Safety·Anthropic·Feb 2026

59. ExtractBench: Benchmarking Structured Extraction from Documents

35 PDF-to-JSON extraction tasks revealing frontier models fail on complex document schemas

Research Paper

Summary

Introduced ExtractBench, a benchmark for structured extraction across finance, academia, hiring, and sports domains. 35 PDF-to-JSON tasks with gold labels covering 12,867 fields. Surprising findings: frontier models (Claude, GPT-5, Gemini) are unreliable on complex schemas — 0% valid output on 369-field financial documents. Most surprisingly, structured output APIs actually worsened extraction performance compared to free-form JSON generation. Reveals a major capability gap in enterprise AI applications.

Key Concepts

PDF-to-JSON Extraction Tasks

35 tasks spanning four domains: finance (investment documents, regulatory filings), academia (research papers, citations), hiring (resumes, cover letters), and sports (statistics, performance data). Each task requires extracting structured data with precise field definitions and gold-labeled validation. Tasks range from simple (10-50 fields) to complex (300+ fields) schema extraction.

Structured Output APIs

Frontier models now support specialized structured output modes (JSON Schema, OpenAI's structured outputs, Claude's output JSON schemas). These APIs are designed to improve extraction reliability. Counter-intuitively, ExtractBench shows that free-form JSON generation often outperforms constrained structured output modes, suggesting the APIs introduce their own failure modes or constraint handling issues.

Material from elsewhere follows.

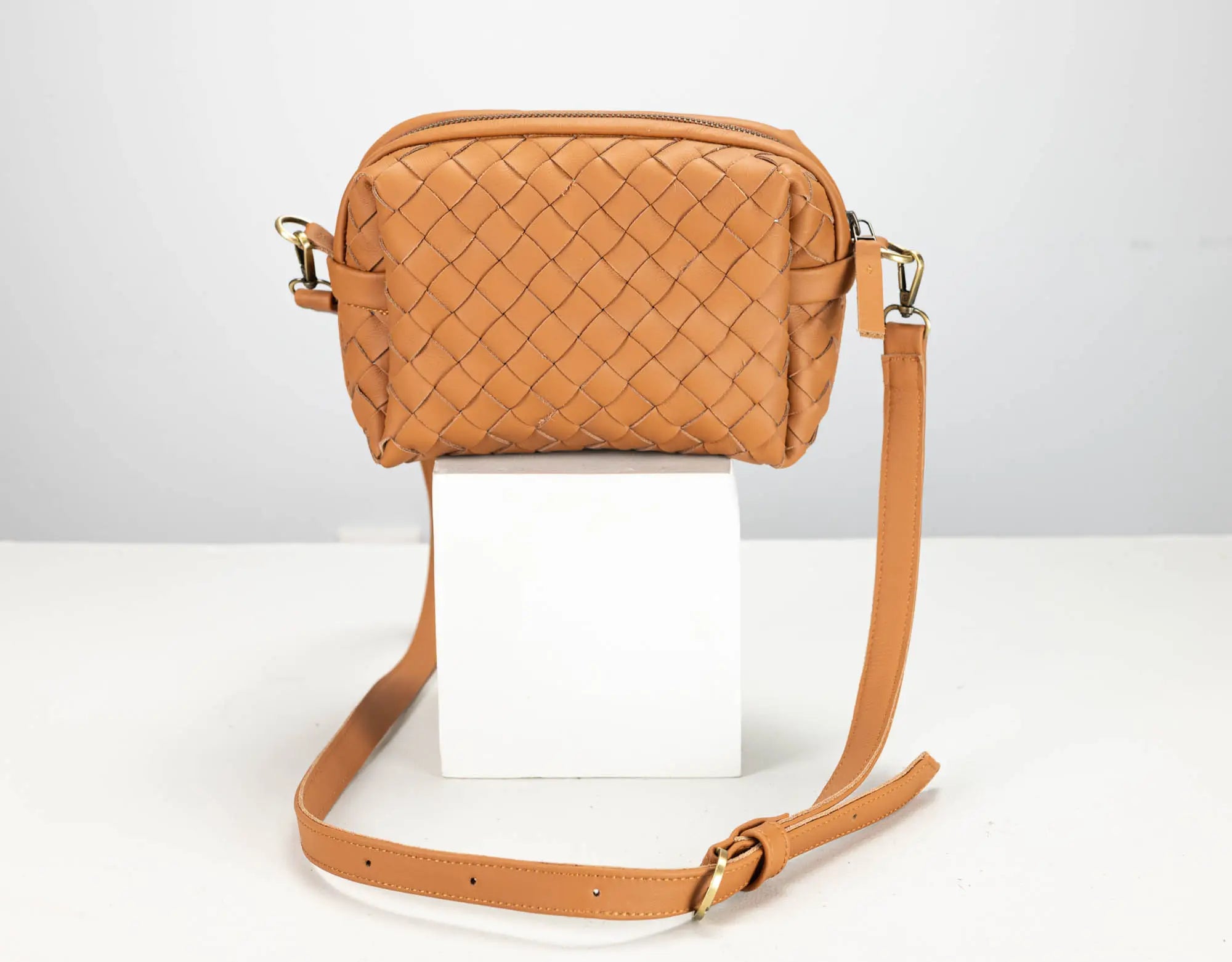 a brown leather woven bag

Performance Cliff on Complex Schemas

Frontier models (Claude 3.5 Sonnet, GPT-4o, Gemini 2.0 Pro) achieve 0% valid output on 369-field financial extraction tasks, while simpler tasks show 40-70% success rates. The problem isn't missing fields—it's malformed JSON or schema violations that break parsing entirely, rendering the extraction useless in production pipelines.